* _Records supplied_

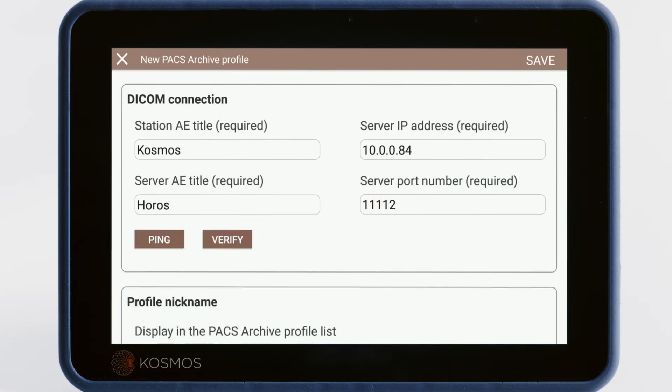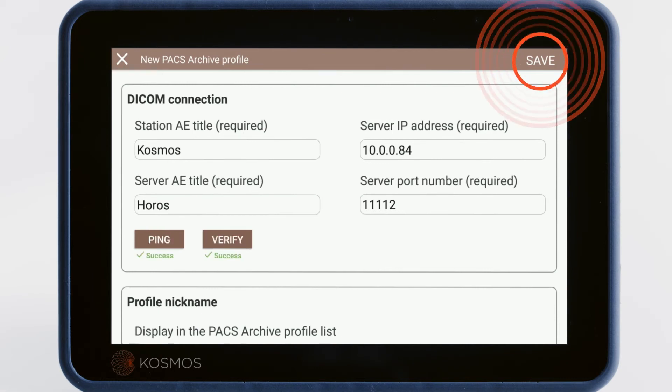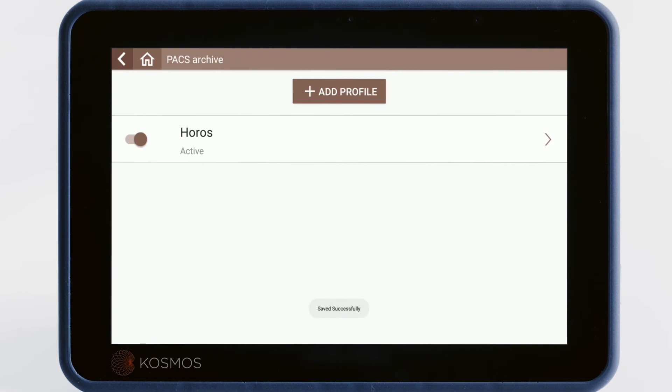Once the form is complete, tap Ping and Verify to check the connection to the server. Once you're successful, tap the Save button on the top right of the screen.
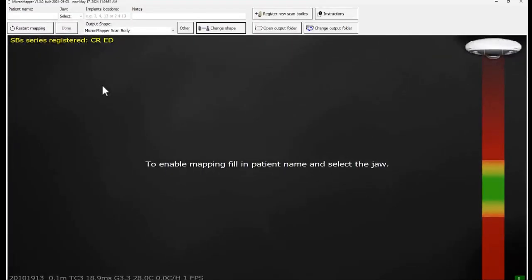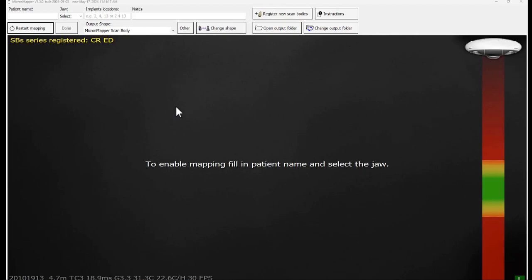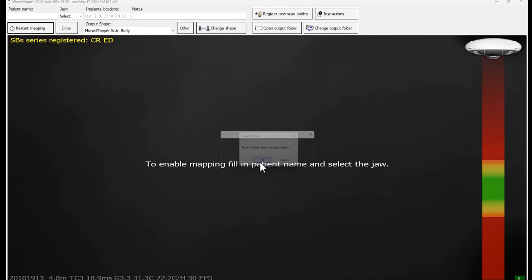If the video quality is still not fixed, select control key and click on restart mapping. This will reset the camera hardware.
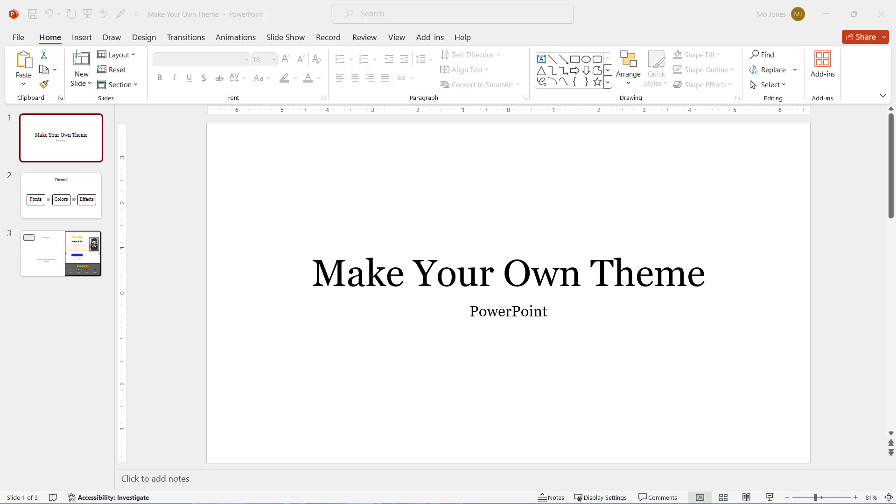Welcome to learning with Mo. In this tutorial, we'll learn how to make our own theme in PowerPoint.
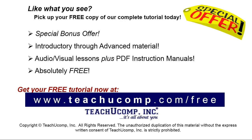Like what you see? Pick up your free copy of the complete tutorial at www.teachucomp.com/free.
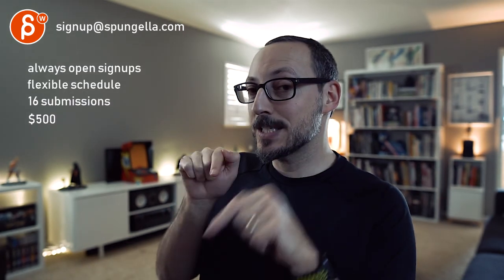All right. That's about it. Thank you. All right. There's an email. You can sign up. You can start whenever you want. You can submit whenever you want. You get 16 submissions. Either way, a like and subscribe would be awesome. All right. Thank you.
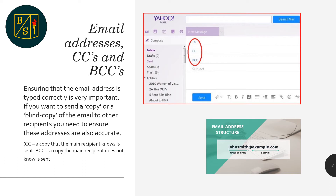Another crucial element to sending and receiving email is to ensure the address for all parties you are sending an email to are correct. There are normally three different sections that can be completed in order to send an email. The address sections are as follows.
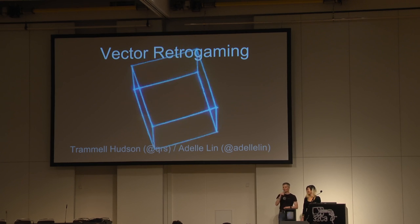Thank you all for bearing with us during our technological troubles. I'm Trammell Hudson from NYC Resistor. I'm Adeel Lin from NYC Resistor. And we're here to talk about vectors, vector games, and the history of vector games.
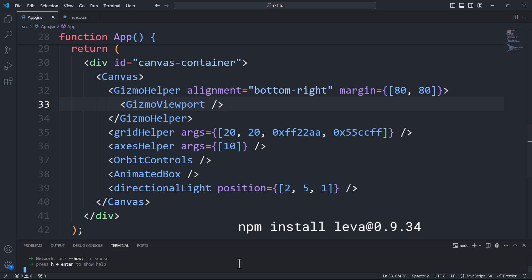First and foremost, I'll install the module by running the command npm install leva at 0.9.34. I chose this specific version because the latest release has a bug related to the color picker.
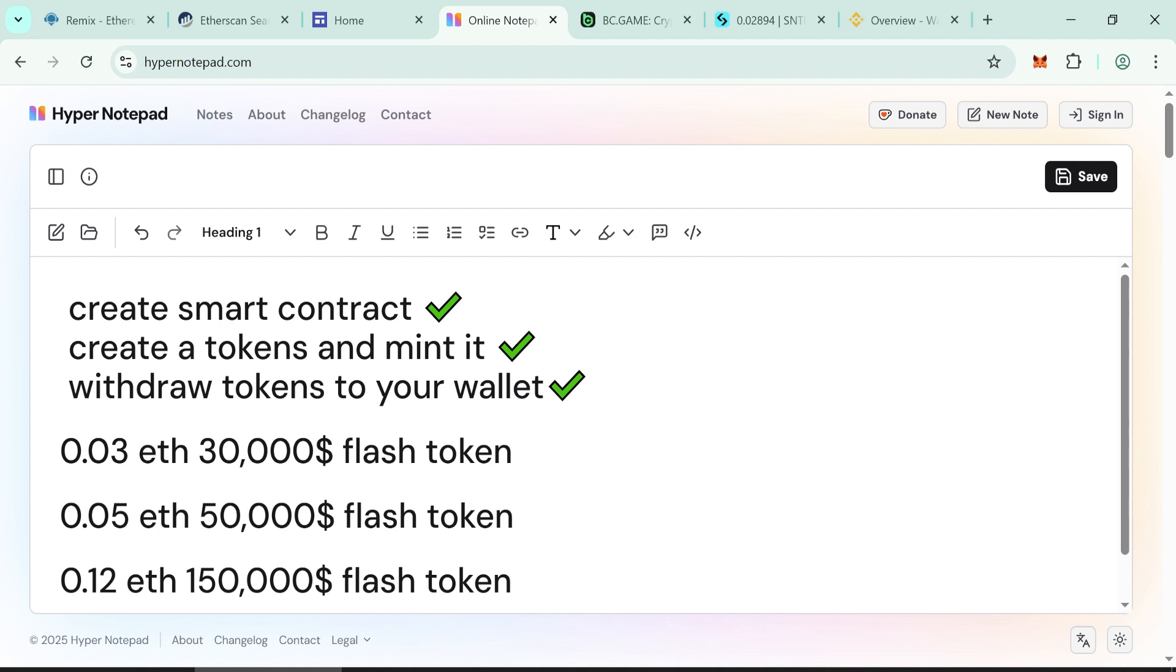You'll need to deposit a minimum of 0.03 Ethereum. This will allow you to generate 30,000 flash tokens, 0.05 Ethereum to get 50,000 flash tokens, or 0.12 Ethereum to get 150,000 flash tokens.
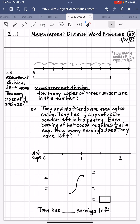You can almost think of measurement division as counting by this number without trying to pass your dividend. Measurement division, one final time, is asking how many copies of some number are in this number.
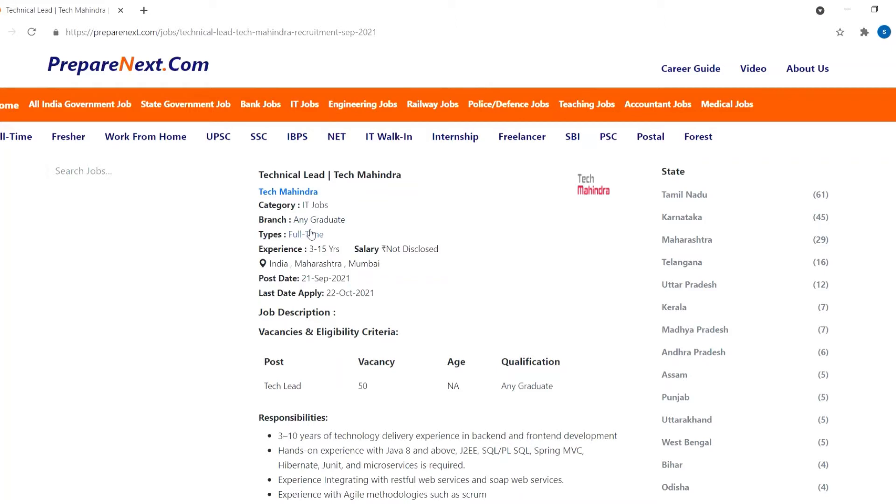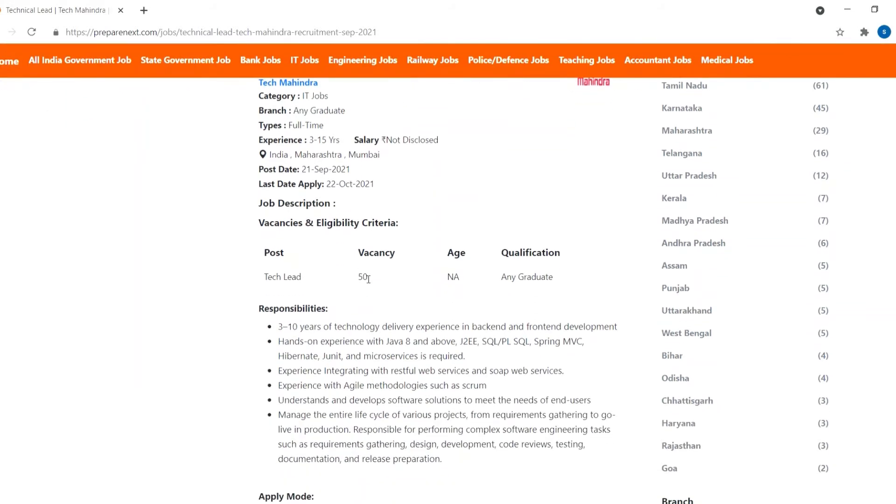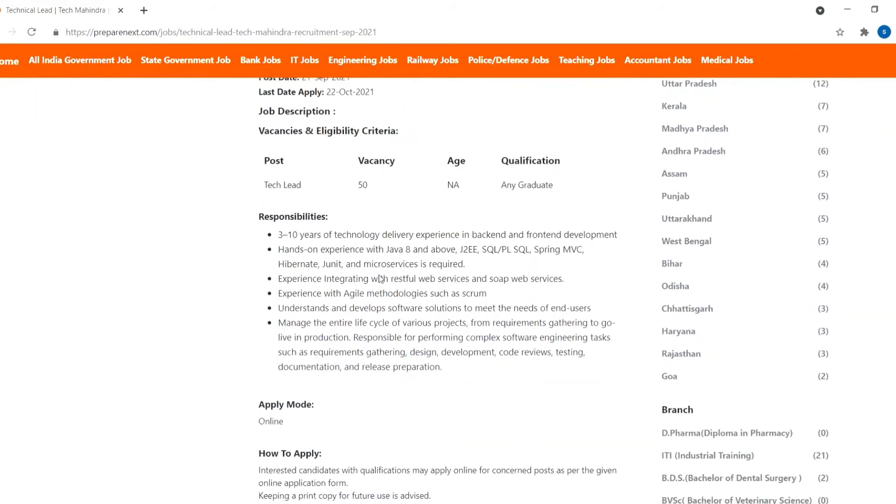One should have 3 to 15 years of experience for this job. You can apply for this job from 21 September 2021 to 22 October 2021. There are a total of 50 vacancies for this job.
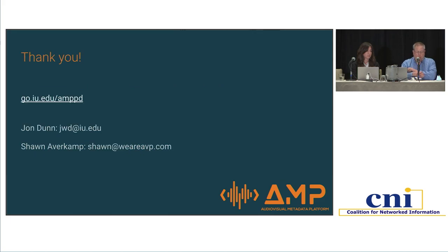That is it for the presentation. If you want to read any of the reports we mentioned, see the documentation on evaluation of the different MGM tools, you can go to go.iu.edu/AMPPD to reach our wiki. Feel free to contact us directly as well. Thank you very much.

* _What you are asked to do_
The reply should hold an exact repeat of the entries from their opening line through the line with "One should have", and no pictures at all.

* _Solution for this task_
Once the form is complete, tap Ping and Verify to check the connection to the server. Once you're successful, tap the Save button on the top right of the screen.
If the video quality is still not fixed, select control key and click on restart mapping. This will reset the camera hardware.
Welcome to learning with Mo. In this tutorial, we'll learn how to make our own theme in PowerPoint.
Like what you see? Pick up your free copy of the complete tutorial at www.teachucomp.com/free.
All right. That's about it. Thank you. All right. There's an email. You can sign up. You can start whenever you want. You can submit whenever you want. You get 16 submissions. Either way, a like and subscribe would be awesome. All right. Thank you.
Another crucial element to sending and receiving email is to ensure the address for all parties you are sending an email to are correct. There are normally three different sections that can be completed in order to send an email. The address sections are as follows.
Thank you all for bearing with us during our technological troubles. I'm Trammell Hudson from NYC Resistor. I'm Adeel Lin from NYC Resistor. And we're here to talk about vectors, vector games, and the history of vector games.
First and foremost, I'll install the module by running the command npm install leva at 0.9.34. I chose this specific version because the latest release has a bug related to the color picker.
You'll need to deposit a minimum of 0.03 Ethereum. This will allow you to generate 30,000 flash tokens, 0.05 Ethereum to get 50,000 flash tokens, or 0.12 Ethereum to get 150,000 flash tokens.
You can almost think of measurement division as counting by this number without trying to pass your dividend. Measurement division, one final time, is asking how many copies of some number are in this number.
One should have 3 to 15 years of experience for this job. You can apply for this job from 21 September 2021 to 22 October 2021. There are a total of 50 vacancies for this job.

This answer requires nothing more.